*WORK REQUIRED*: Transcribe all the lines below exactly. Omit the pictures.

[Crawled caption data]
--
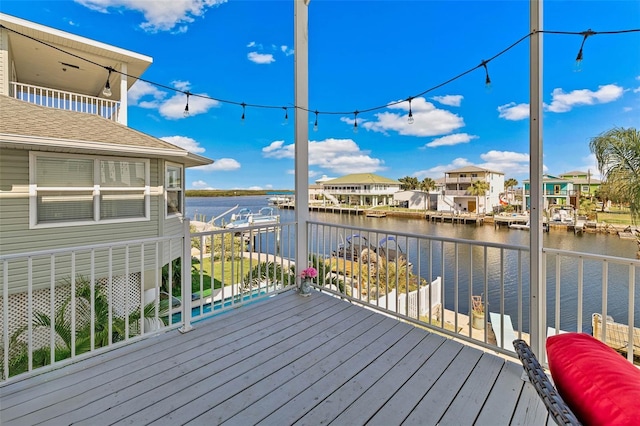 wooden terrace with a water view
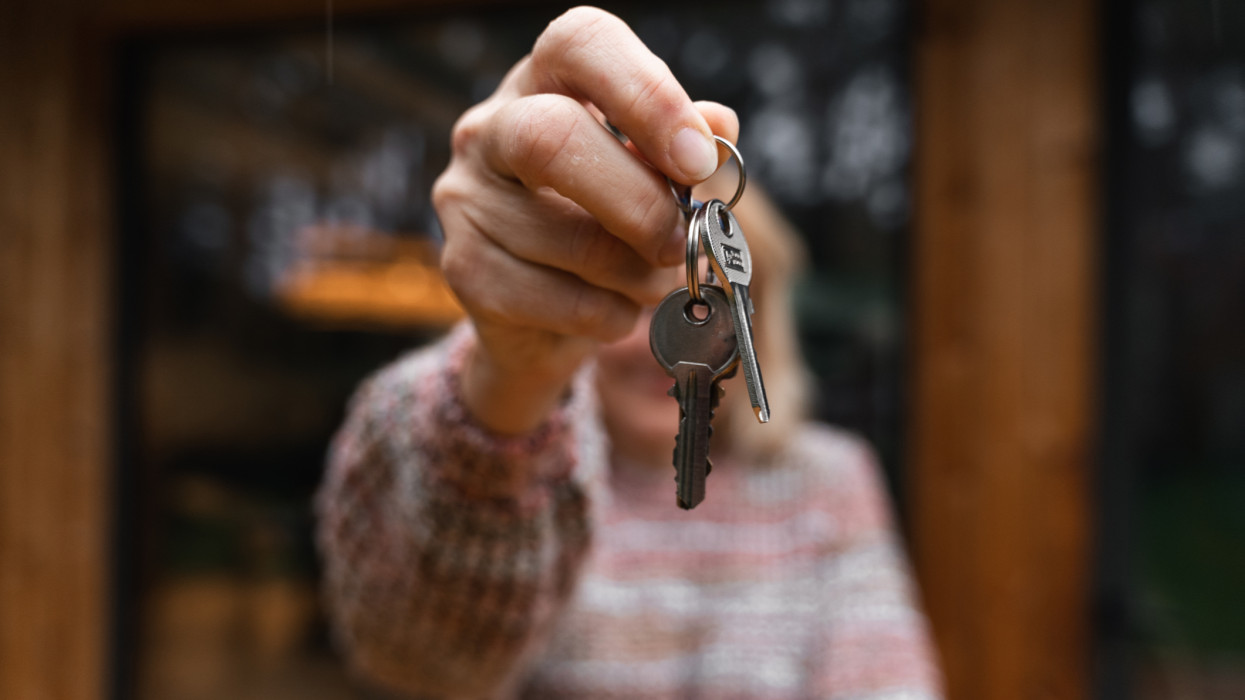 Mature woman holding keys after buying home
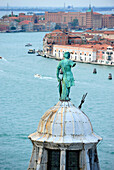 View on Venice from San Giorgio Maggiore island, focus on statue, Italy, Europe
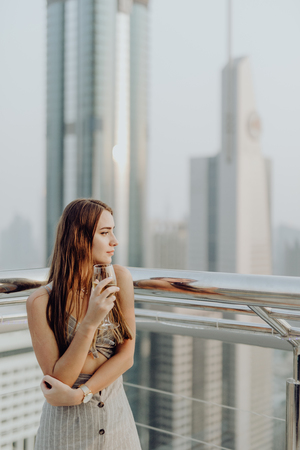 Young pretty woman drink white wine and enjoy the amazing view of Dubai downtown.の写真素材
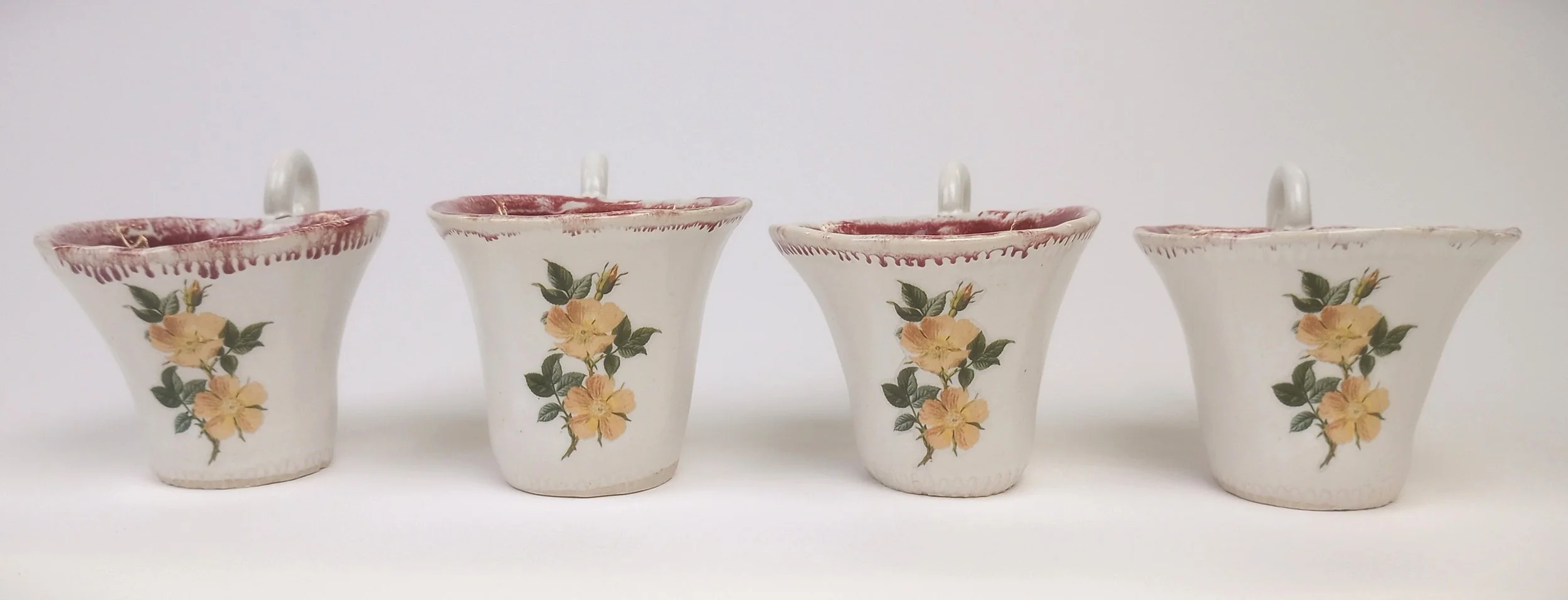 Line of four dainty white teacups with red rims and yellow floral decals.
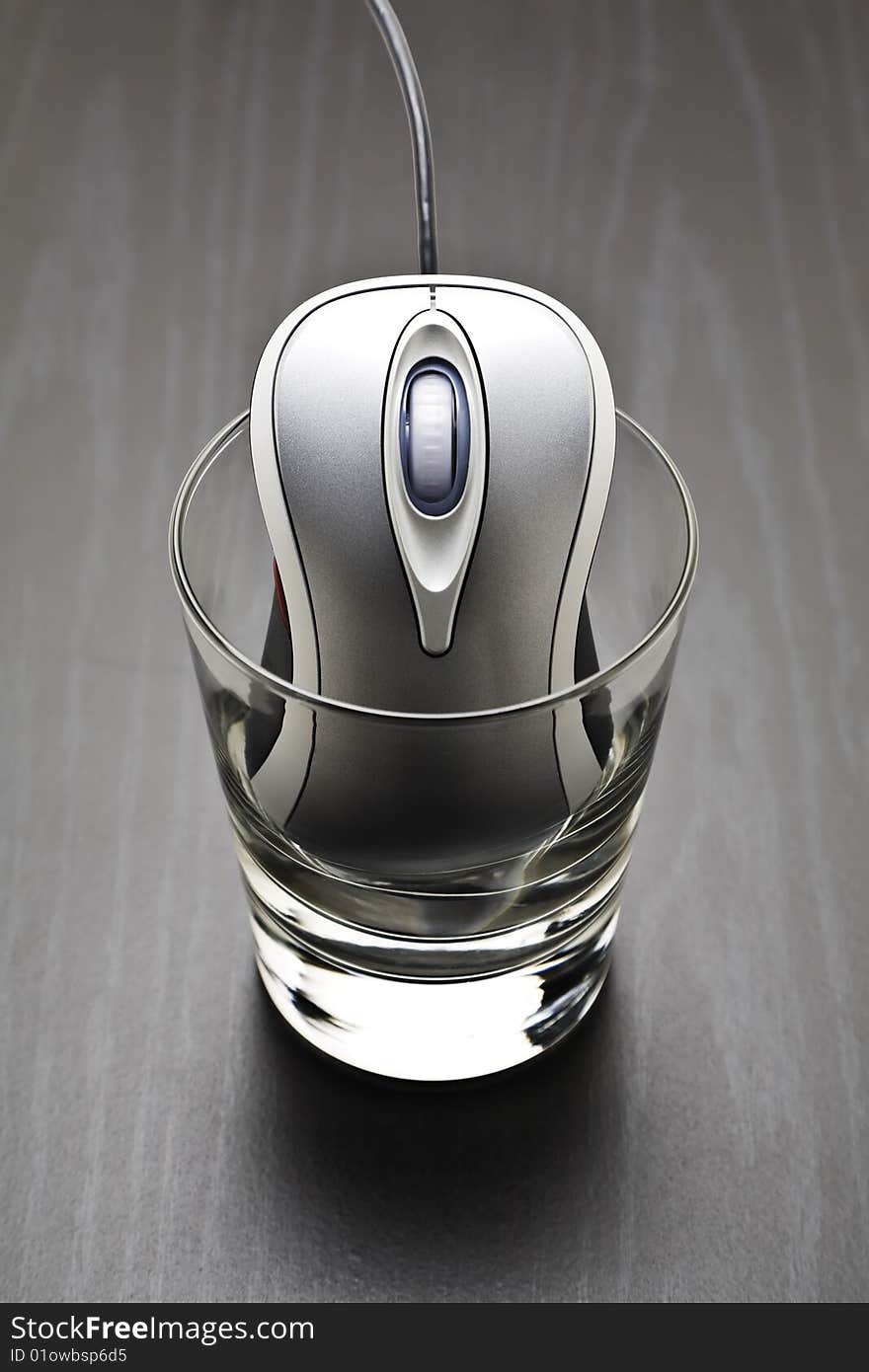 Computer mouse in a glass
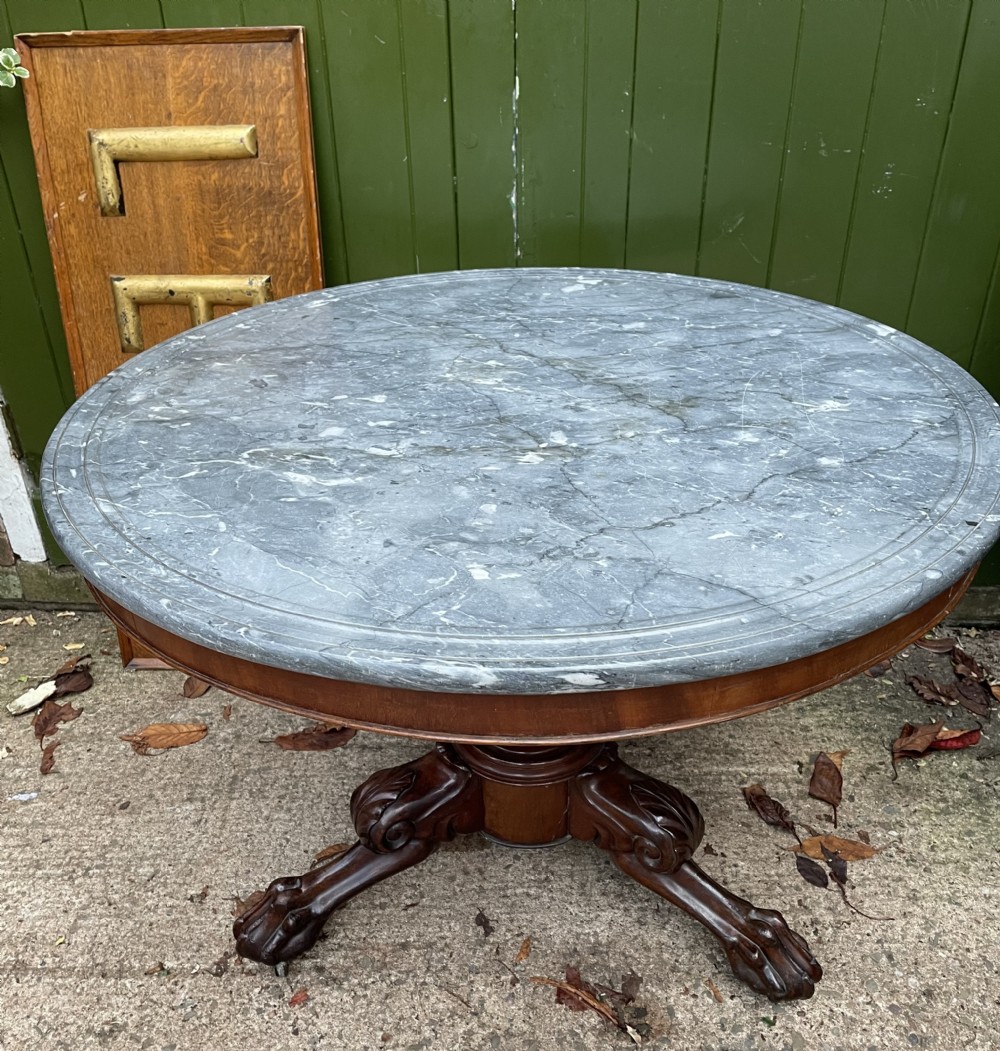 An early nineteenth-century French Charles X mahogany gueridon table featuring a circular grey marble top set upon a fluted pedestal stem and scrolled tripod feet. View II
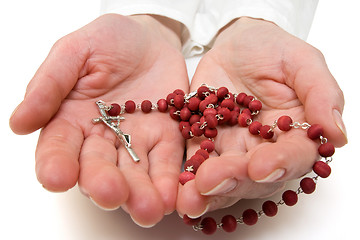 Image showing rosary in the woman hands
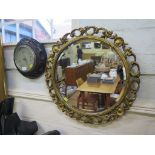 An oak framed Aneroid barometer, and a circular gilt framed wall mirror 55cm diameter (2)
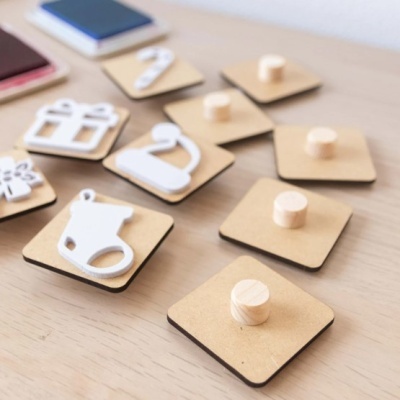 Pendentes decorativos em madeira com formas brancas sobre mesa clara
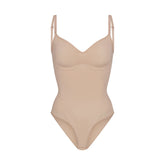 SEAMLESS SCULPT BRIEF BODYSUIT | MICA (SHAPEWEAR BODYSUITS) LAYS FLAT ON A WHITE BACKGROUND | FLT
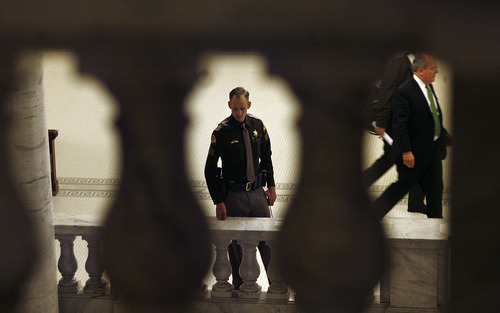 Scott Sommerdorf   |  The Salt Lake Tribune
A UHP trooper keeps an eye on things as the final day of the Utah Legislature heads into it's final hours just outside the Utah House of Representatives, Thursday, March 14, 2013.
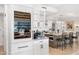 Modern kitchen with granite countertops and a built-in wine cooler at 7117 E Rancho Vista Dr # 4011, Scottsdale, AZ 85251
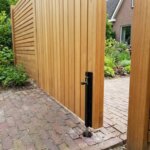 Detail van de zwarte grondgrendel van het vaste deel van de dubbele teak poort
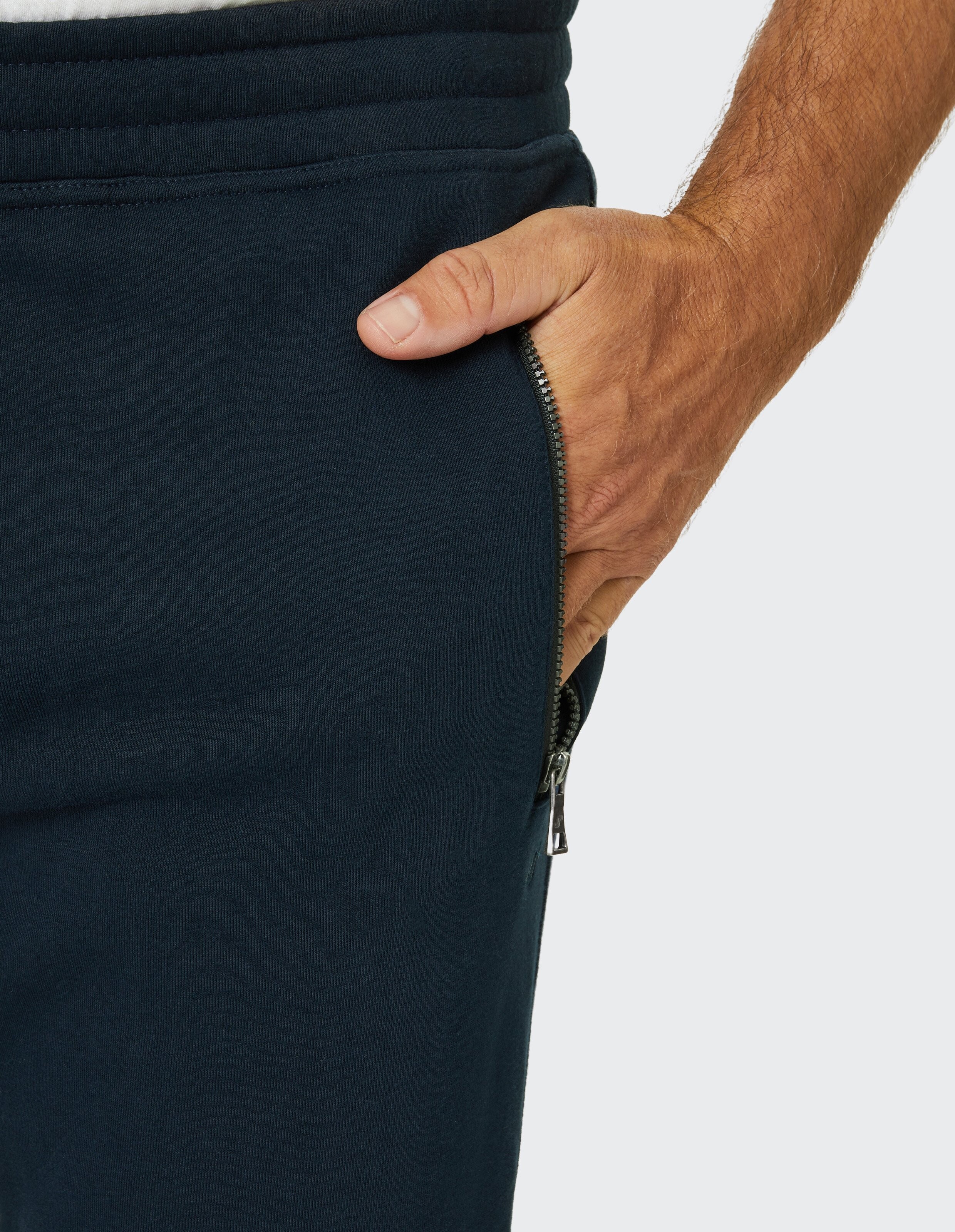 Eine Hand steckt in die Seitentasche einer dunkelblauen Jogginghose mit Reißverschluss, die an einer Person getragen wird.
--
*EXERCISE RESULT*:
 wooden terrace with a water view
 Mature woman holding keys after buying home
 View on Venice from San Giorgio Maggiore island, focus on statue, Italy, Europe
 Young pretty woman drink white wine and enjoy the amazing view of Dubai downtown.の写真素材
 Line of four dainty white teacups with red rims and yellow floral decals.
 Computer mouse in a glass
 An early nineteenth-century French Charles X mahogany gueridon table featuring a circular grey marble top set upon a fluted pedestal stem and scrolled tripod feet. View II
 Image showing rosary in the woman hands
 An oak framed Aneroid barometer, and a circular gilt framed wall mirror 55cm diameter (2)
 Pendentes decorativos em madeira com formas brancas sobre mesa clara
 SEAMLESS SCULPT BRIEF BODYSUIT | MICA (SHAPEWEAR BODYSUITS) LAYS FLAT ON A WHITE BACKGROUND | FLT
 Scott Sommerdorf   |  The Salt Lake Tribune
A UHP trooper keeps an eye on things as the final day of the Utah Legislature heads into it's final hours just outside the Utah House of Representatives, Thursday, March 14, 2013.
 Modern kitchen with granite countertops and a built-in wine cooler at 7117 E Rancho Vista Dr # 4011, Scottsdale, AZ 85251
 Detail van de zwarte grondgrendel van het vaste deel van de dubbele teak poort
 Eine Hand steckt in die Seitentasche einer dunkelblauen Jogginghose mit Reißverschluss, die an einer Person getragen wird.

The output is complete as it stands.